In his first Twitter message of 2018, Trump wrote, "The United States has foolishly given Pakistan more than $33 billion in aid over the last 15 years, and they have given us nothing but lies & deceit, thinking of our leaders as fools. They give safe haven to the terrorists we hunt in Afghanistan, with little help. No more!"
Washington has long accused Islamabad, particularly its security institutions, of turning a blind eye or covertly helping the Afghan Taliban and the Haqqani Network to stage cross-border attacks against Afghan and U.S.-led forces.
It is not immediately clear whether Trump is threatening to cut financial assistance to Pakistan.
The United States suggested in August it would hold up $255 million in military assistance until Pakistan cracks down on extremists.
The U.S. Congress has authorized up to $700 million in a Coalition Support Fund to reimburse Pakistan for activities carried out in support of U.S. operations in Afghanistan.
Pakistani Foreign Minister Khawaja Asif told the local Geo News television station, "We have already told the U.S. that we will not do more, so Trump's "no more" does not hold any importance."

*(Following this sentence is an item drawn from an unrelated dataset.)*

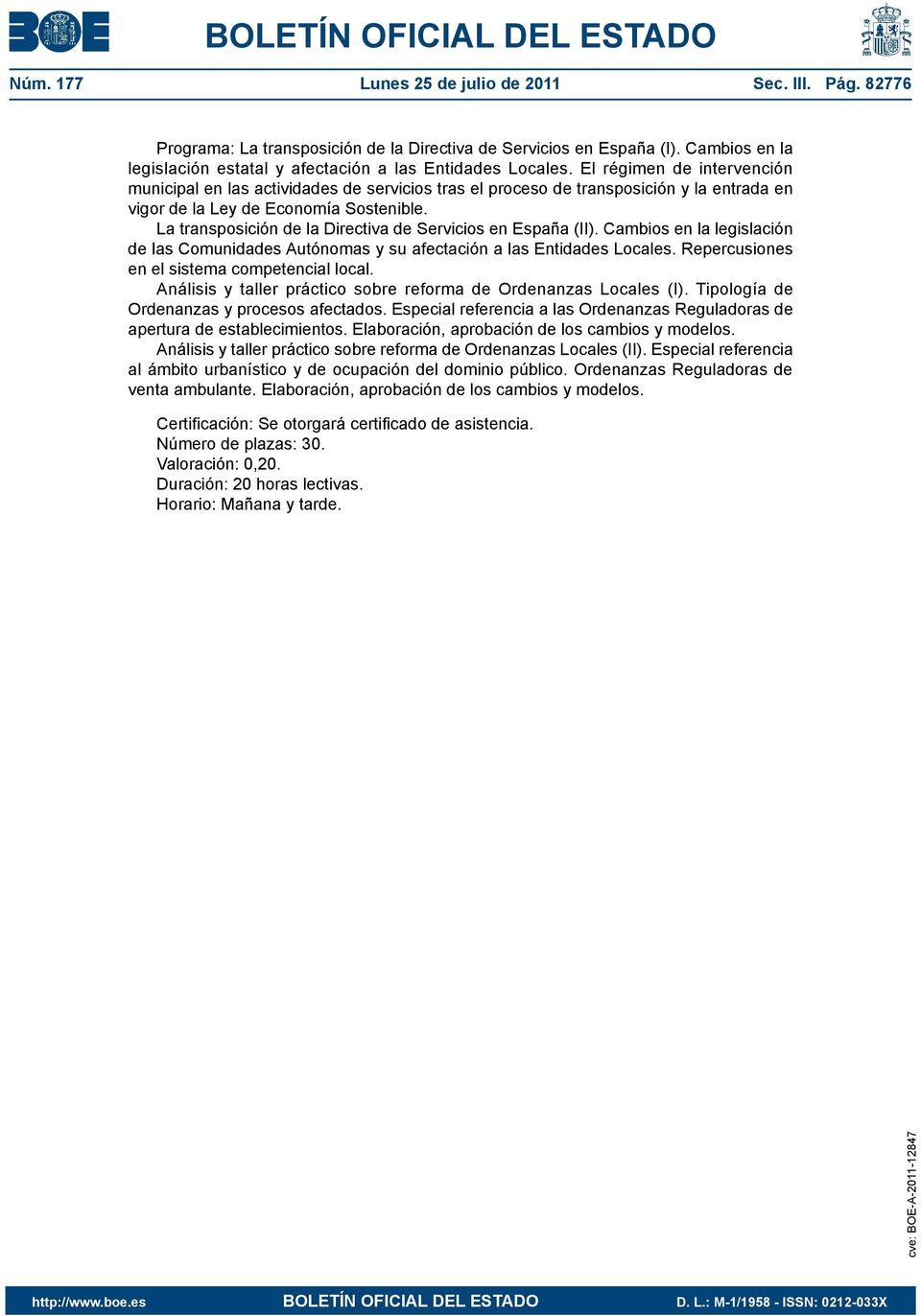 La transposición de la Directiva de Servicios en España (II). Cambios en la legislación de las Comunidades Autónomas y su afectación a las Entidades Locales.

The government late Monday summoned U.S. ambassador David Hale to the foreign ministry to protest and seek an explanation for Trump's remarks, reported local media.
"I can confirm the Ambassador was asked to come to the Foreign Office tonight. He did and met with officials there. I don't have any comment on the substance of the meeting, " a U.S. embassy spokesman told VOA.
Meanwhile, an emergency meeting of the National Security Committee has also been convened for Wednesday where the country's top civilian and military leadership will discuss the situation in the aftermath Trump's statement.
Islamabad denies allegations it is harboring Afghan insurgents and instead complains anti-state militants are using the neighboring country for terrorist attacks against Pakistan.
Trump unveiled his new South Asia policy last August, in which Pakistan was blamed for providing "safe haven" to terrorists.
American officials have also warned that if Islamabad does not take actions against terrorist havens on Pakistan soil, Washington will do so unilaterally.
The Pakistan military last week warned Washington against any unilateral military action on its soil, saying U.S. allegations of terrorist sanctuaries in the country are "unfounded" and "no more valid" because "indiscriminate" security operations have targeted all terrorist groups.
"We have paid a huge price both in blood and treasure. We have done enough and we cannot do anymore for anyone," said the chief military spokesman, Major-General Asif Ghafoor.